I’m thinking of a report I heard on NPR yesterday. According to NPR, a review of the logs at Gitmo found only one incident of a Koran in proximity with a toilet- in that case, a detainee tore pages out of the Koran and flushed them down the toilet in a protest attempt to block up the toilets. Is it at all possible this S2 read that report and jumbled it in his mind with the SouthCom report?

S6 is also an interesting source:

Source Level 6, also unnamed, are the prisoners for whom the alleged action would have been intended– a special class of witness.

Yes, well, S6- hardly reliable, given the Al Queda Training Manual instructions for prisoners (thanks to Grayhawk):

IF AN INDICTMENT IS ISSUED AND THE TRIAL, BEGINS, THE BROTHER HAS TO PAY ATTENTION TO THE FOLLOWING:

1. At the beginning of the trial, once more the brothers must insist on proving that torture was inflicted on them by State Security [investigators] before the judge.

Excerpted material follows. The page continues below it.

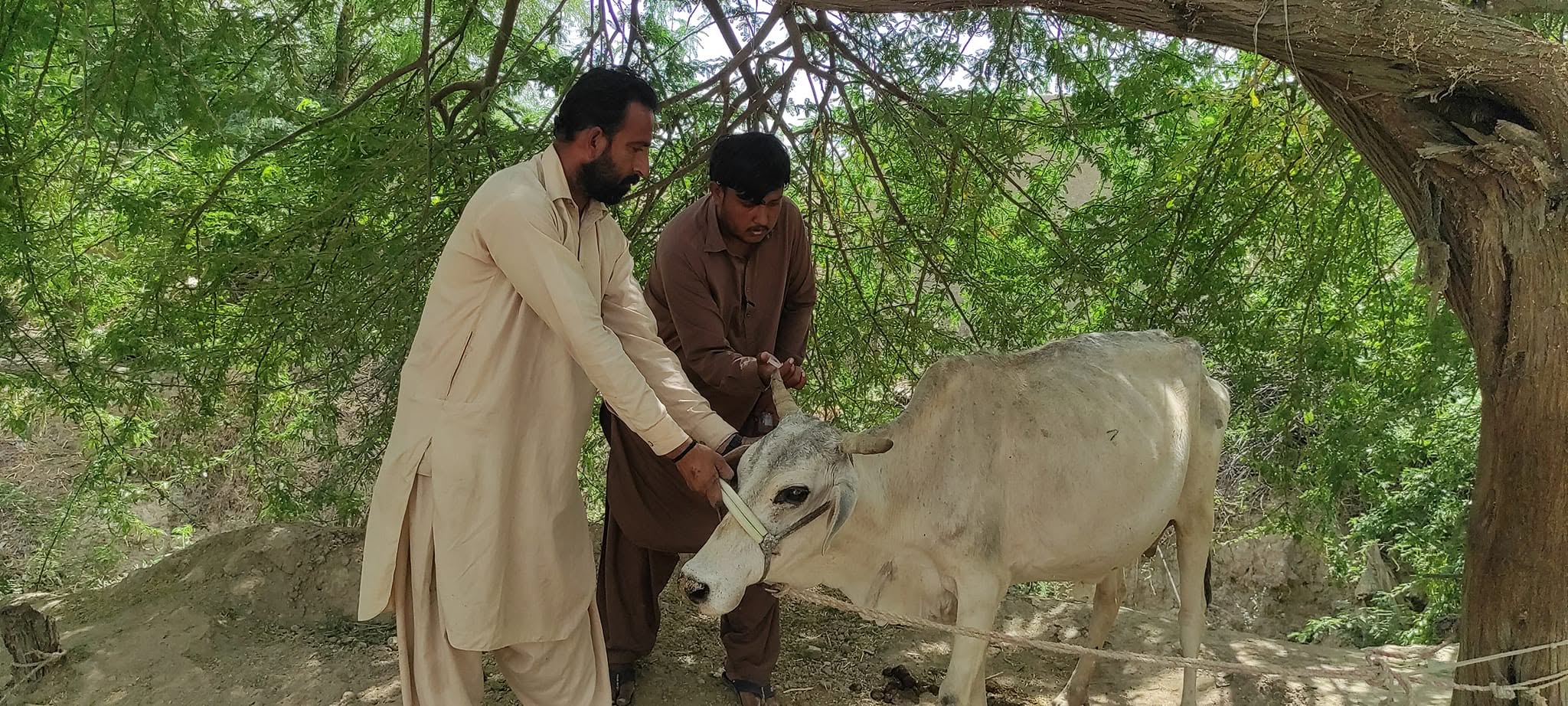خیبر پختونخوا میں مویشیوں کی لمپی سکن اور دیگر بیماریوں کے خلاف ویکسی نیشن مہم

2. Complain [to the court] of mistreatment while in prison.

I say that this also makes another source a bit dicey, those defense lawyers and others representing the prisoners. All their information is hearsay, after all, and it all comes from S6- those prisoners who have been instructed to lie about being tortured and mistreated.

See Grayhawk of Mudville for more.

5. Are Newsweek’s reporters unaware of the Al Queda manual? They don’t seem to have exercised any scepticism about reports from prisoners.

4. Since when is an absence of ‘disconfirmation’ to be taken for solid confirmation?

3. Shouldn’t somebody at Newsweek have wondered about the liklihood that the interrogation process would include flushing a Koran in order to convince a Muslim witness to talk? Wouldn’t that have precisely the opposite result?

deuce. What happened to the vetting process we are assured distinguishes Mainstream Media from the heavyweights in the blogging world? We have here half a dozen unnamed sources, and the only one of them with whom reporters actually spoke to can only attest to reading something about a Koran, a toilet, and a flushing somewhere, sometime in some report, but he doesn’t remember for sure which report. Maybe he read it in Al Jazeera.

Ace. Torture is something done to one’s person. It is not something done to inanimate objects.